> [REQUIRED WORK] Beginning with the line that contains "кабачковые рулетики с огуречно-сырной пастой", restate each line below through the final one exactly, and exclude the pictures.

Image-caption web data
◇ ◇ ◇ ◇

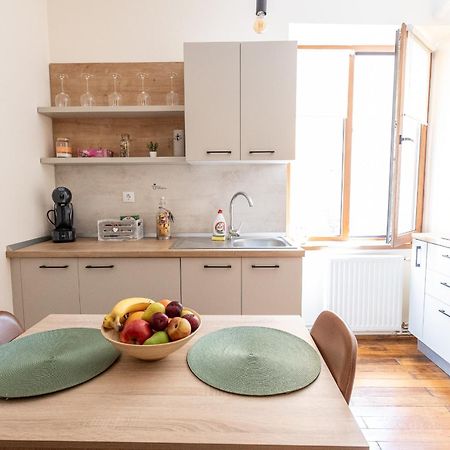 Supreme Deer Appartement Braşov Buitenkant foto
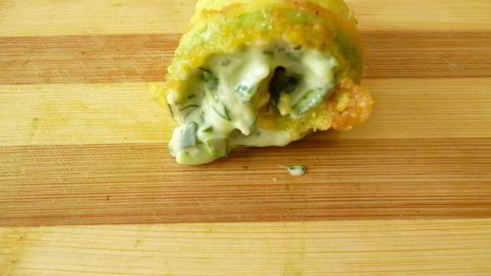 кабачковые рулетики с огуречно-сырной пастой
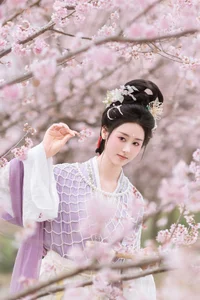 Sophisticated Artistry: YiTuYu Art Language Vol.6800 with Ren Jian Yue-su Chen - image 14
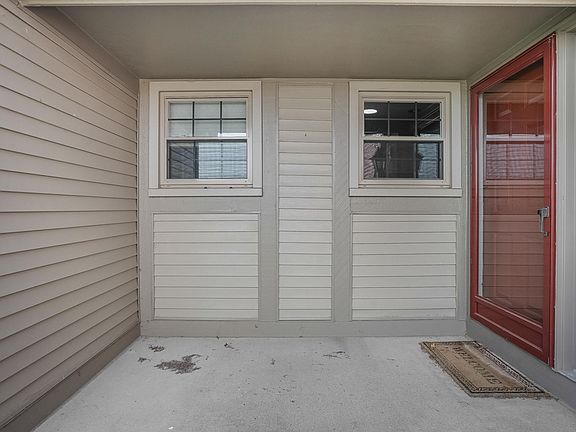 5th image of 844 Woodridge Hills Dr #99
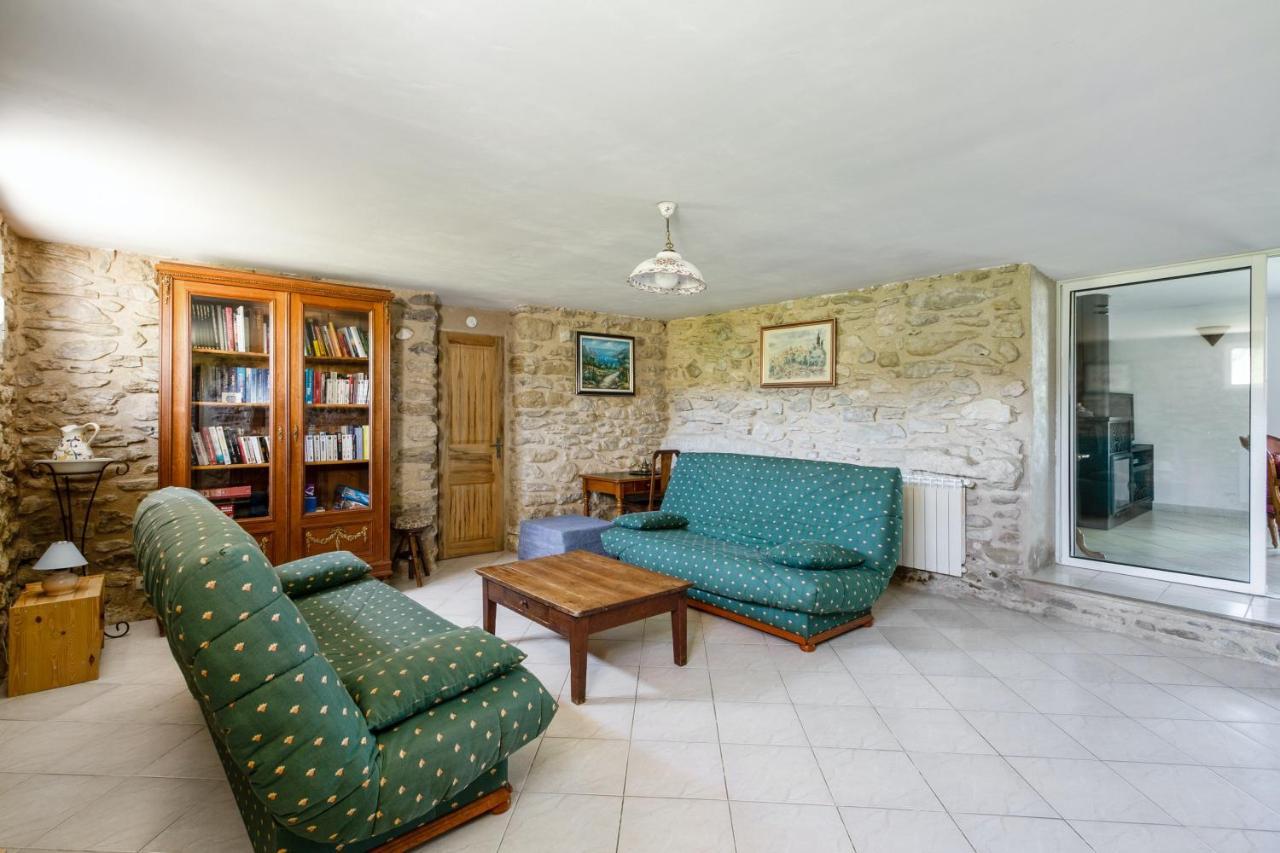 Villa Charmante A La Tour-D'Aigues Avec Piscine Privee Екстер'єр фото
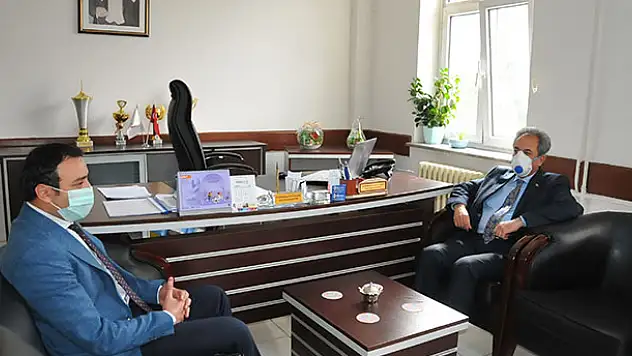 Başkan Akkaya'dan sağlık çalışanlarına teşekkür ziyareti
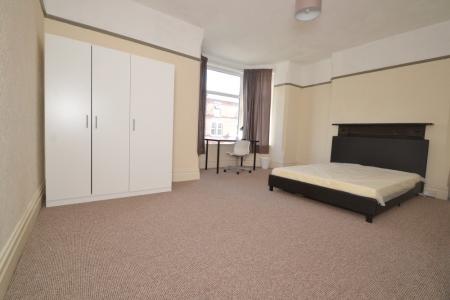 4 bedroom Semi-detached house to let in (4BED) Trent Boulevard, West Bridgford, NG2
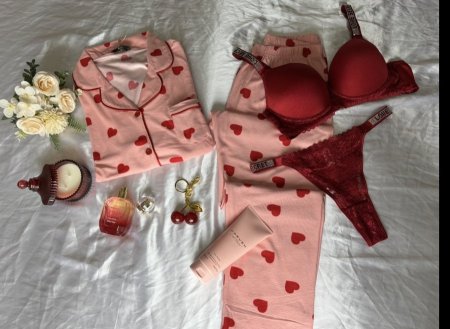 بيجاما فليز ناعم زهر مع قلب احمر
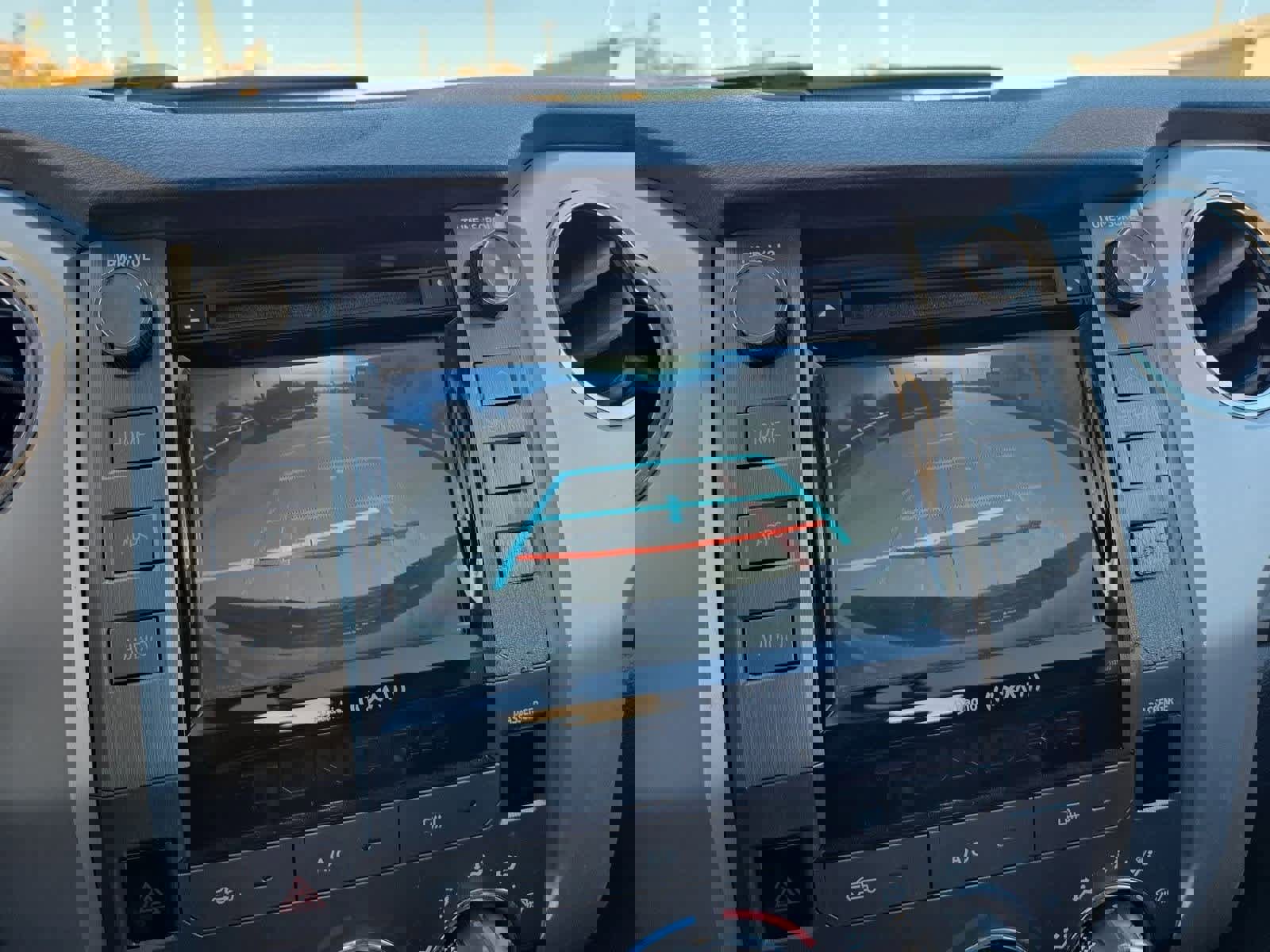 Used 2016 Toyota Tundra SR5 image 28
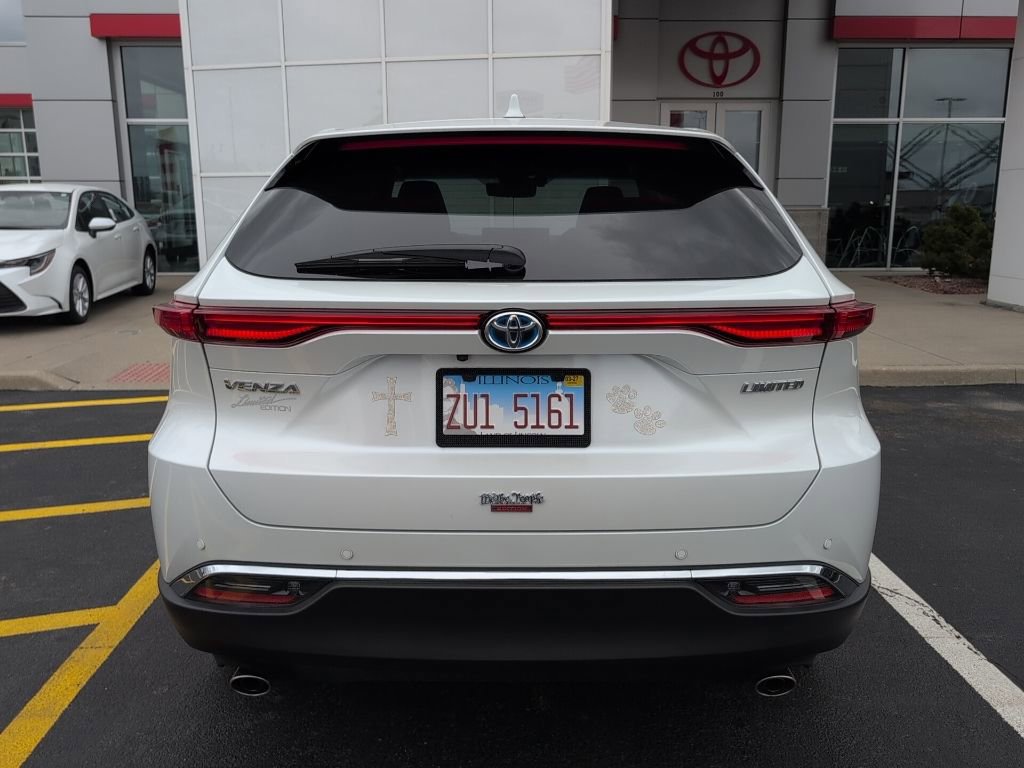 Used 2024 Toyota Venza Limited image 7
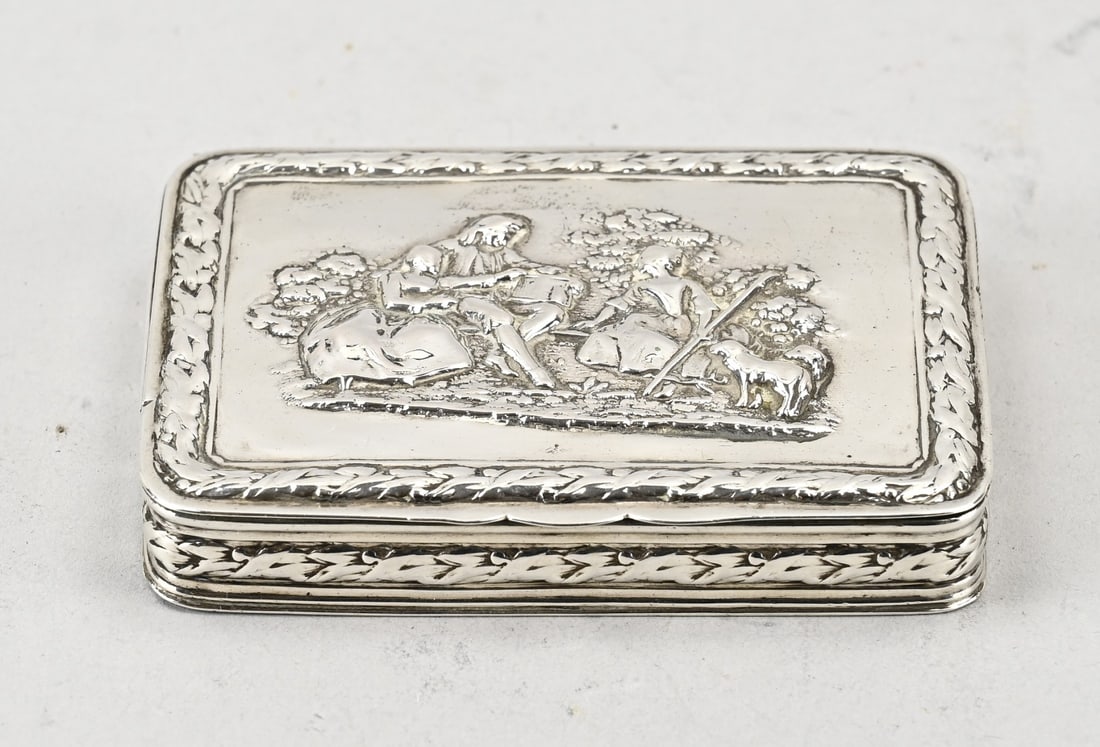 Silver lidded box (1 of 1)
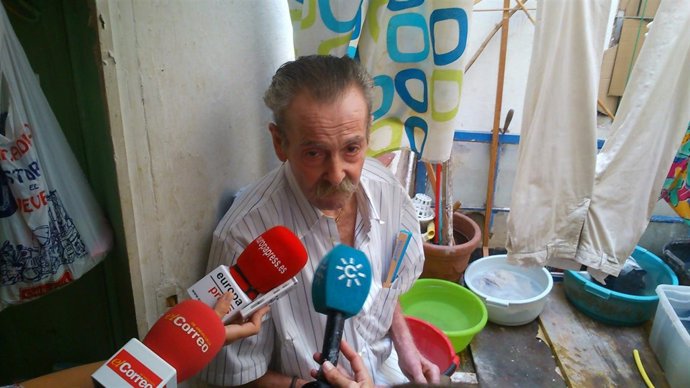Anciano que iba a ser desahuciado en Sevilla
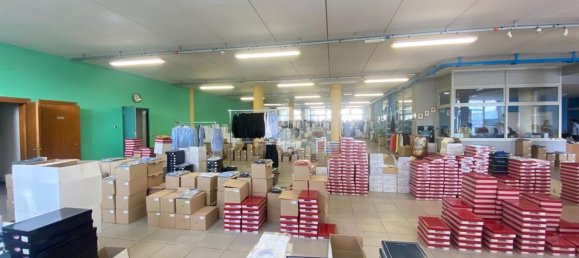 Склад 830м² в Томболо, Италия № 334734 31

◇ ◇ ◇ ◇

> [SOLUTION TO THE PROBLEM]
 кабачковые рулетики с огуречно-сырной пастой
 Sophisticated Artistry: YiTuYu Art Language Vol.6800 with Ren Jian Yue-su Chen - image 14
 5th image of 844 Woodridge Hills Dr #99
 Villa Charmante A La Tour-D'Aigues Avec Piscine Privee Екстер'єр фото
 Başkan Akkaya'dan sağlık çalışanlarına teşekkür ziyareti
 4 bedroom Semi-detached house to let in (4BED) Trent Boulevard, West Bridgford, NG2
 بيجاما فليز ناعم زهر مع قلب احمر
 Used 2016 Toyota Tundra SR5 image 28
 Used 2024 Toyota Venza Limited image 7
 Silver lidded box (1 of 1)
Anciano que iba a ser desahuciado en Sevilla
 Склад 830м² в Томболо, Италия № 334734 31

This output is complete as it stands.